Went for an long wade today with little success.however i did manage to find some not so hungry convicts.i must have cast at least too 20 or so and only hooked up twice but the the one's i landed were a couple of Bluto's.this is the biggest one.check the fly in its mouth.cPr.....


----------



## HillCountryBasser (Aug 26, 2008)

Wowzers! What a fight that must've been! Congrats on a great morning....


----------



## Joe. T. (Jun 7, 2008)

yes sir,i was using my new used 5wt i got from skiffstiff.good way to break it in


----------



## flyfishingmike (Nov 26, 2010)

Those guys are beautiful . . . and strong. Musta been fun!


----------



## Worm Drowner (Sep 9, 2010)

Great report! A 5wt must have made for a really interesting fight!


----------



## flynut (Jun 30, 2009)

Joe. T. said:


> yes sir,i was using my new used 5wt i got from skiffstiff.good way to break it in


 good job on the sheepies! all skiffstiff rods have the skiffstiff mojo!


----------



## Joe. T. (Jun 7, 2008)

Gotta love mojo....


----------



## SKIFFSTIFF (May 8, 2009)

*Texas permit*

Joe T,
Glad to see that the rod is working out for you.Nice fish and pics.

SKIFFSTIFF


----------



## Joe.
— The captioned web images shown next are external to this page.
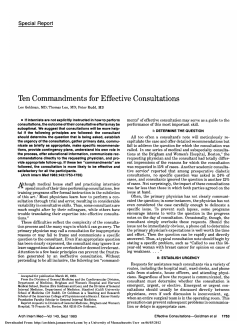 Ten Commandments for Effective Consultations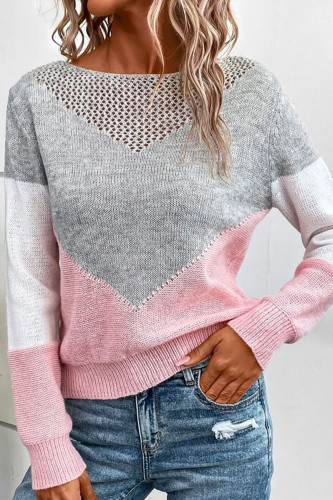 Hollow Slim Fit Long Sleeved Knitted Sweater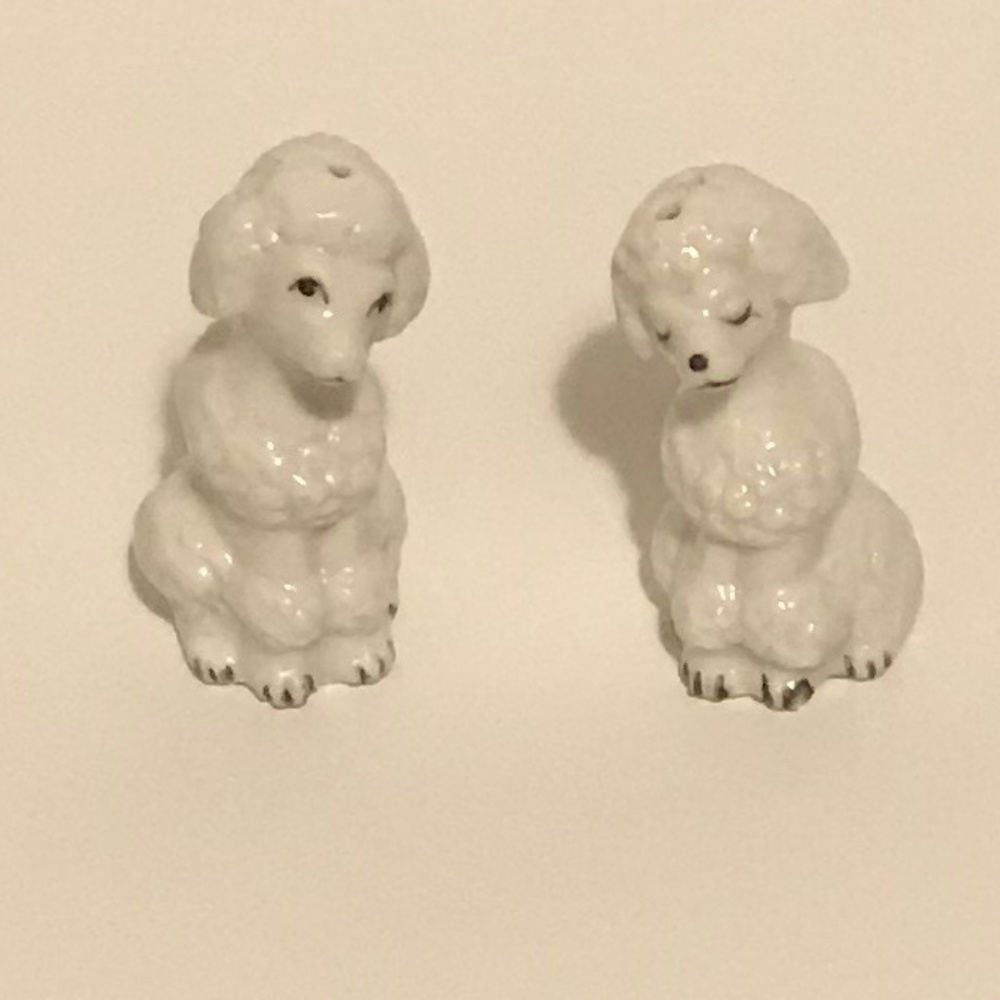 VINTAGE WHITE POODLE SALT & PEPPER SHAKERS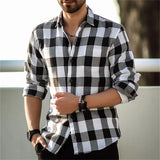 Riolio New Polo Collar 3D Printed Casual Slim Fit Long Sleeve Checkered Digital Printed Shirt Men's Shirt Comfortable Fabric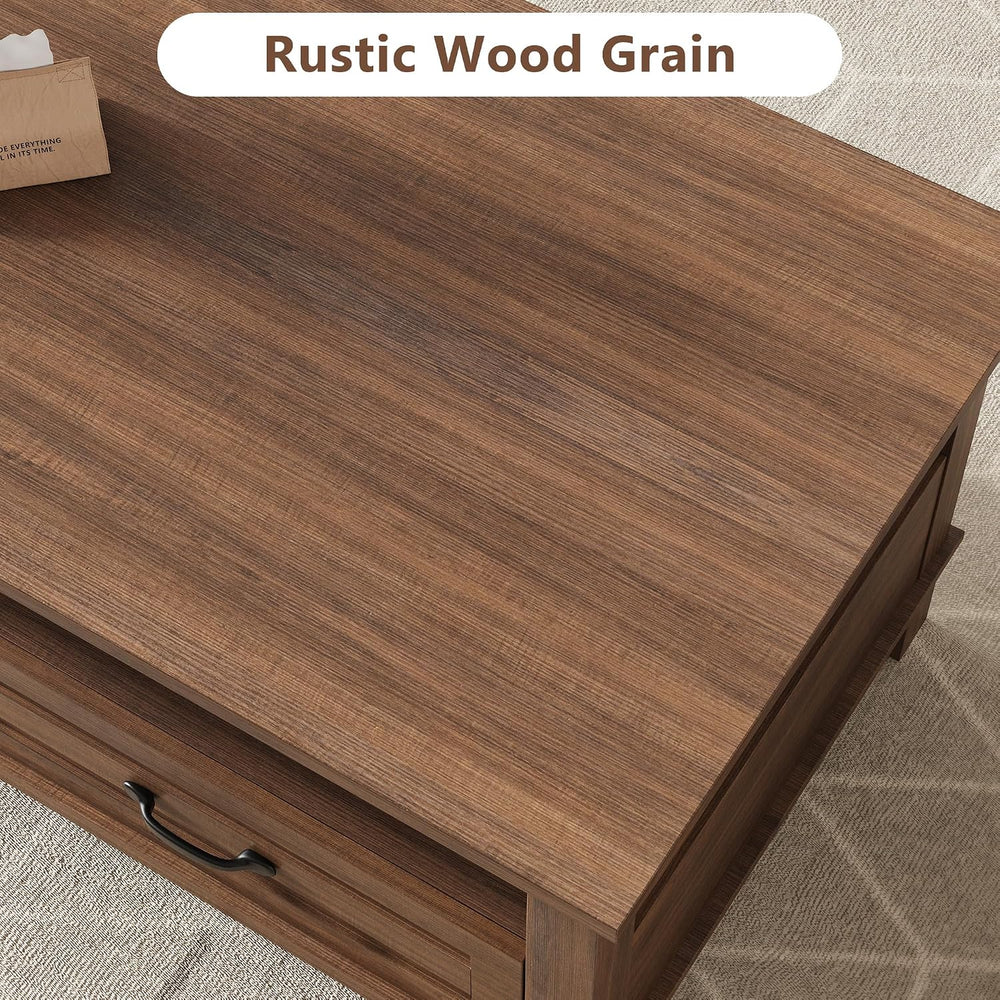 47 Inch Farmhouse Coffee Table, Rustic Wood Center Table with 2 Storage Drawe...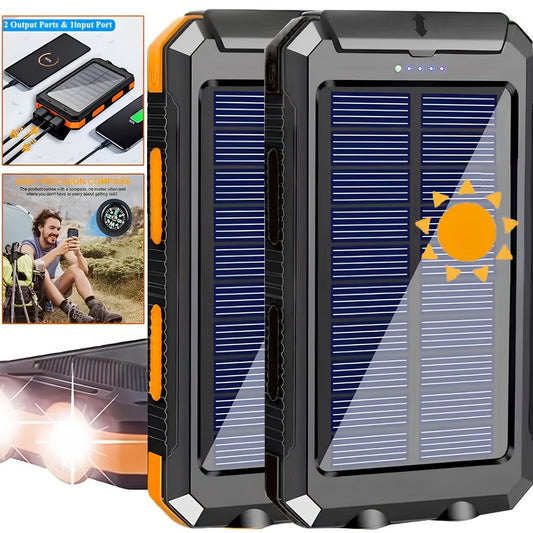 Solar Power Bank 20000mAh 40000mAh Portable Charger with Dual USB LED Flashlight & Compass - Waterproof External Battery Pack for Camping Hiking Outdoor Emergency, Compatible with iPhone Android Samsung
T. (Jun 7, 2008)

Thanks, was really impressed with the way it cast.lookin forward to getting some more of these hogs in the coming months.as you can see they love the crack fly also.cPr


----------



## SKIFFSTIFF (May 8, 2009)

*Texas permit*

I thought that fly looked familiar.I got lucky and caught two while I was fishing with Flynut awhile back on that same fly pattern.
Skiffstiff


----------